Editing a rule group - Amazon WAF, Amazon Firewall Manager, and Amazon Shield Advanced
Services or capabilities described in Amazon Web Services documentation might vary by Region. To see the differences applicable to the China Regions, see Getting Started with Amazon Web Services in China (PDF).

Editing a rule group

To add or remove rules from a rule group or change configuration settings, access the rule group using the procedure on this page.

Production traffic risk

If you change a rule group that you're currently using in a web ACL, those changes will affect your web ACL behavior wherever it's being used. Be sure to test and tune all changes in a staging or testing environment until you are comfortable with the potential impact to your traffic. Then test and tune your updated rules in count mode with your production traffic before enabling them. For guidance, see Testing and tuning your Amazon WAF protections.

To edit a rule group
  1. Sign in to the Amazon Web Services Management Console and open the Amazon WAF console at https://console.amazonaws.cn/wafv2/.

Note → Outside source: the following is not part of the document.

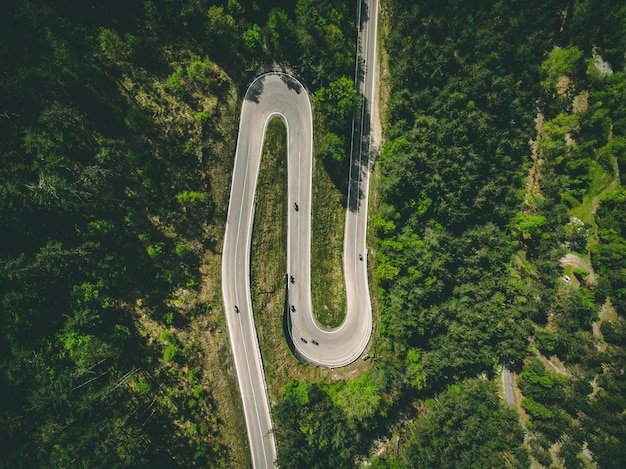 Vista aérea da estrada rural sinuosa com carros e motocicletas na Itália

  2. In the navigation pane, choose Rule groups.

  3. Choose the name of the rule group that you want to edit. The console takes you to the rule group's page.

    Note

    If you don't see the rule group that you want to edit, check the Region selection inside the Rule groups section. For rule groups used to protect Amazon CloudFront distributions, use the Global (CloudFront) setting.

  4. Edit the rule group as needed. You can edit the rule group's mutable properties, similar to how you did during creation. The console saves your changes as you go.

    Note

    If you change the name of a rule and you want the rule's metric name to reflect the change, you must update the metric name as well. Amazon WAF doesn't automatically update the metric name for a rule when you change the rule name. You can change the metric name when you edit the rule in the console, by using the rule JSON editor. You can also change both names through the APIs and in any JSON listing that you use to define your web ACL or rule group.

Temporary inconsistencies during updates

When you create or change a web ACL or other Amazon WAF resources, the changes take a small amount of time to propagate to all areas where the resources are stored. The propagation time can be from a few seconds to a number of minutes.

The following are examples of the temporary inconsistencies that you might notice during change propagation:

  • After you create a web ACL, if you try to associate it with a resource, you might get an exception indicating that the web ACL is unavailable.

  • After you add a rule group to a web ACL, the new rule group rules might be in effect in one area where the web ACL is used and not in another.

  • After you change a rule action setting, you might see the old action in some places and the new action in others.

  • After you add an IP address to an IP set that is in use in a blocking rule, the new address might be blocked in one area while still allowed in another.